Les communautés qui se forment autour de ces jeux développent des cultures d’exploration qui amplifient encore le phénomène. Les joueurs partagent leurs découvertes, leurs cartes annotées, leurs théories sur les éléments cachés. Cette dimension sociale prolonge la vie du jeu bien au-delà de ce qu’une expérience purement individuelle permettrait, et elle crée un type d’engagement communautaire que les jeux à mission stricte ne génèrent presque jamais.

Ce que les voyages physiques nous enseignent sur les voyages virtuels

Une analogie utile éclaire le plaisir de l’exploration vidéoludique.
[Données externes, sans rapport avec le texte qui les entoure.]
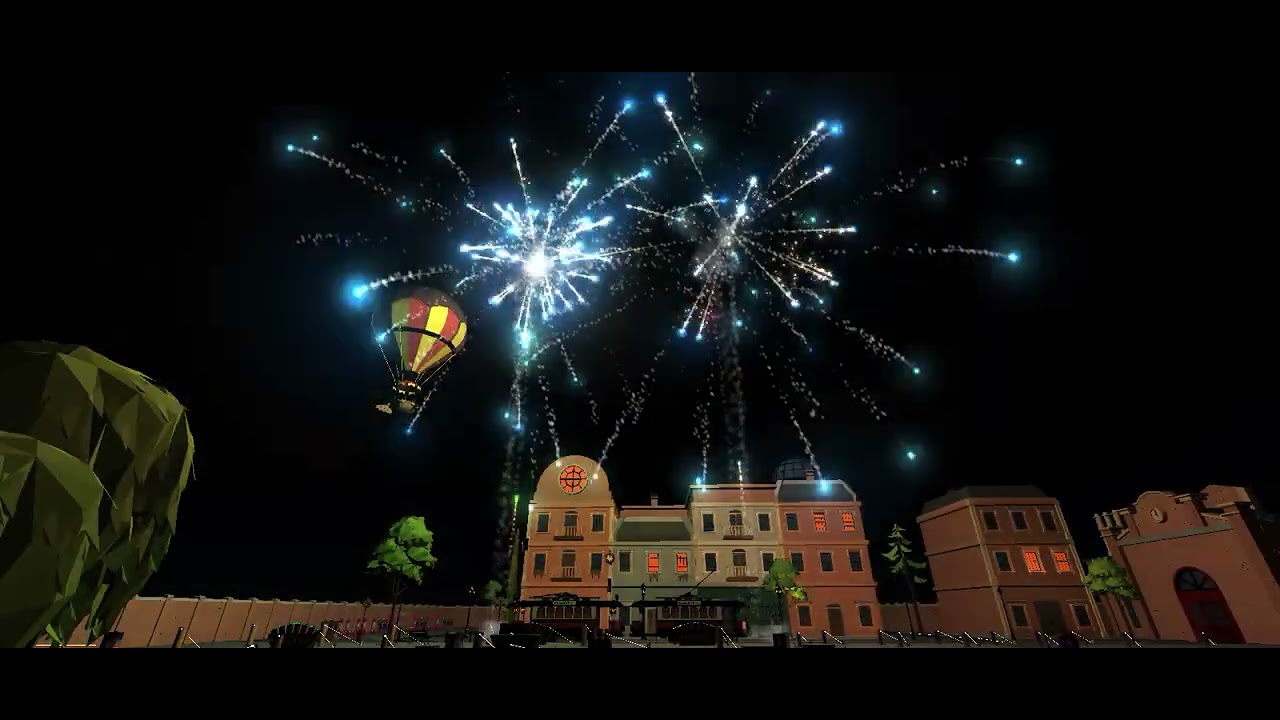 Fireworks 🎇🎇🎇🎇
Les voyageurs expérimentés savent que les meilleurs souvenirs d’un voyage ne sont presque jamais ceux de l’itinéraire planifié. Ce sont les détours imprévus, les rencontres fortuites, les lieux découverts en se perdant. Cette sagesse millénaire des voyageurs s’applique avec une précision étonnante aux jeux vidéo en monde ouvert. Le joueur qui suit son intuition et accepte de s’écarter du chemin tracé reproduit dans son loisir numérique l’attitude qui a toujours distingué les vrais voyageurs des touristes pressés, et il en retire les mêmes types de satisfaction profonde que les voyages physiques bien menés peuvent offrir à ceux qui acceptent de s’y abandonner.